▶ Task to complete
Transcribe all the entries word for word, but omit the images.

▶ Data provided
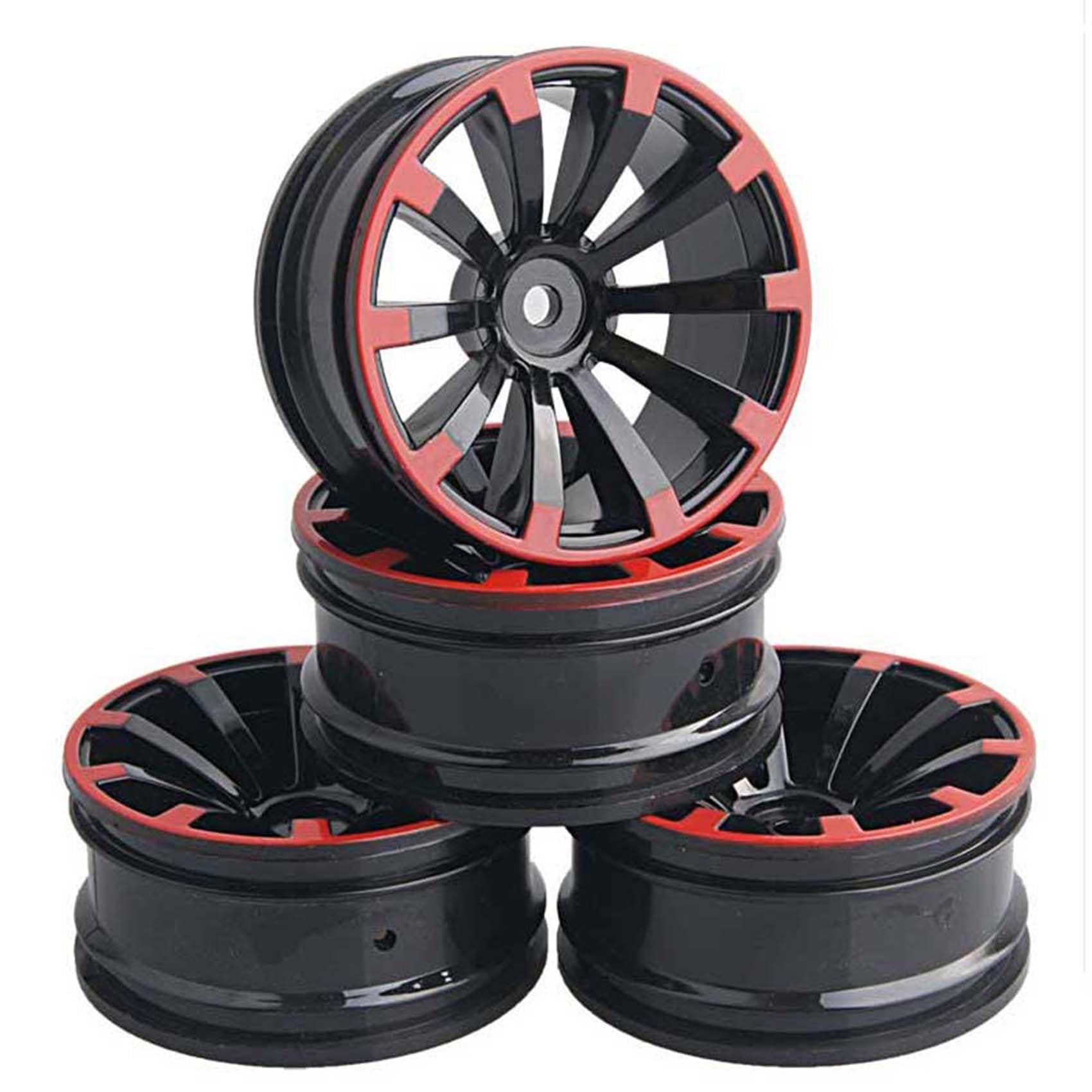 Pneumatici In Gomma E Ruote In Plastica Per Auto RC 1/10 E 1/16 – 75 Mm, 6 Raggi, Esagono 12 Mm – 4 Pezzi (Verde)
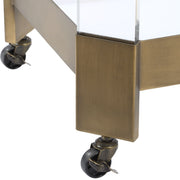 Uttermost Giselle Acrylic, Bronze and Glass Bar Cart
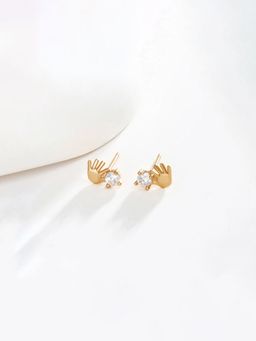 Designs & You - Anti Tarnish Hand Shaped Contemporary Studs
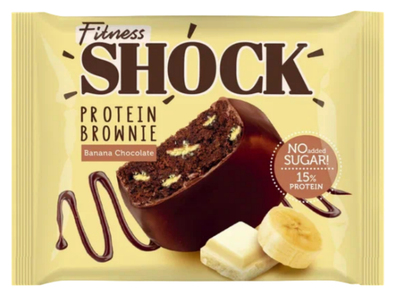 Кондитерское изделие FitnesSHOCK Брауни банановый, глазированное 50 гр.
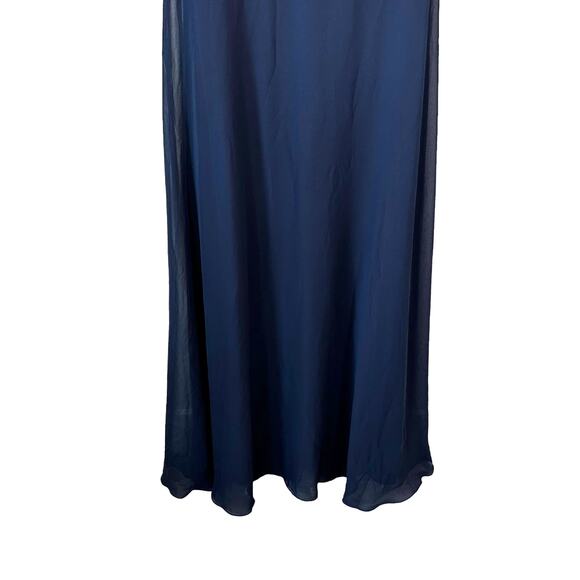 After Six New Women's 1549 Deep V Neck Chiffon Maxi Dress Midnight Navy Size 10R - Picture 6 of 10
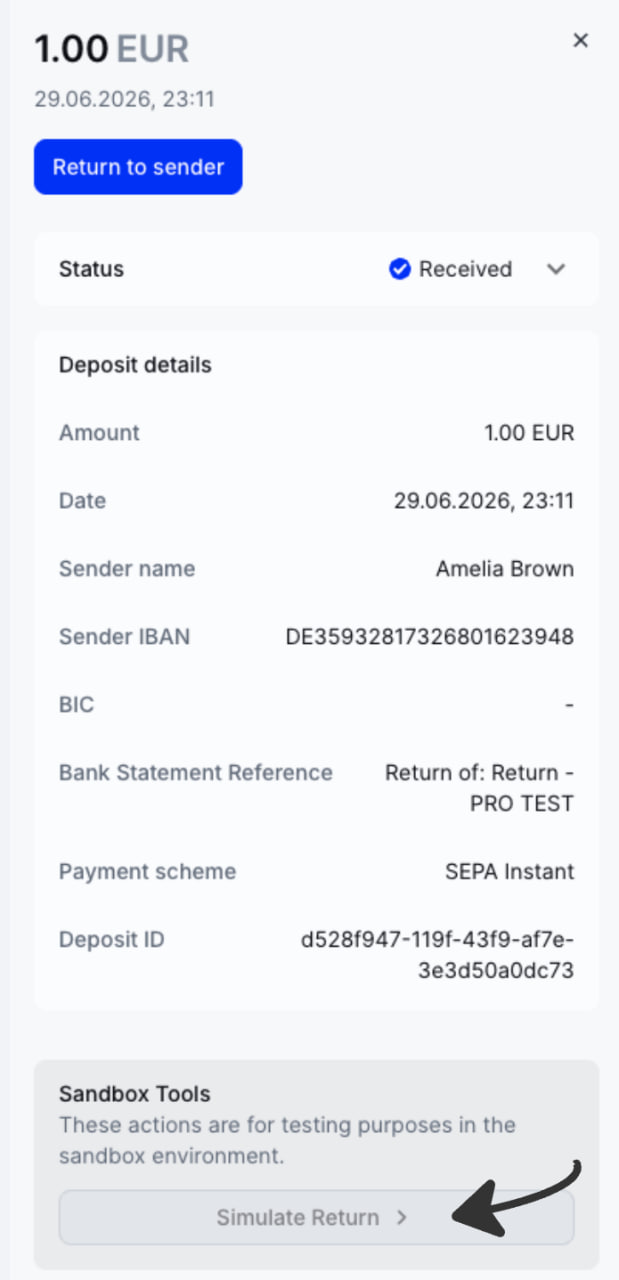 Deposit Return Screenshot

▶ Exercise output
 Pneumatici In Gomma E Ruote In Plastica Per Auto RC 1/10 E 1/16 – 75 Mm, 6 Raggi, Esagono 12 Mm – 4 Pezzi (Verde)
 Uttermost Giselle Acrylic, Bronze and Glass Bar Cart
 Designs & You - Anti Tarnish Hand Shaped Contemporary Studs
 Кондитерское изделие FitnesSHOCK Брауни банановый, глазированное 50 гр.
 After Six New Women's 1549 Deep V Neck Chiffon Maxi Dress Midnight Navy Size 10R - Picture 6 of 10
 Deposit Return Screenshot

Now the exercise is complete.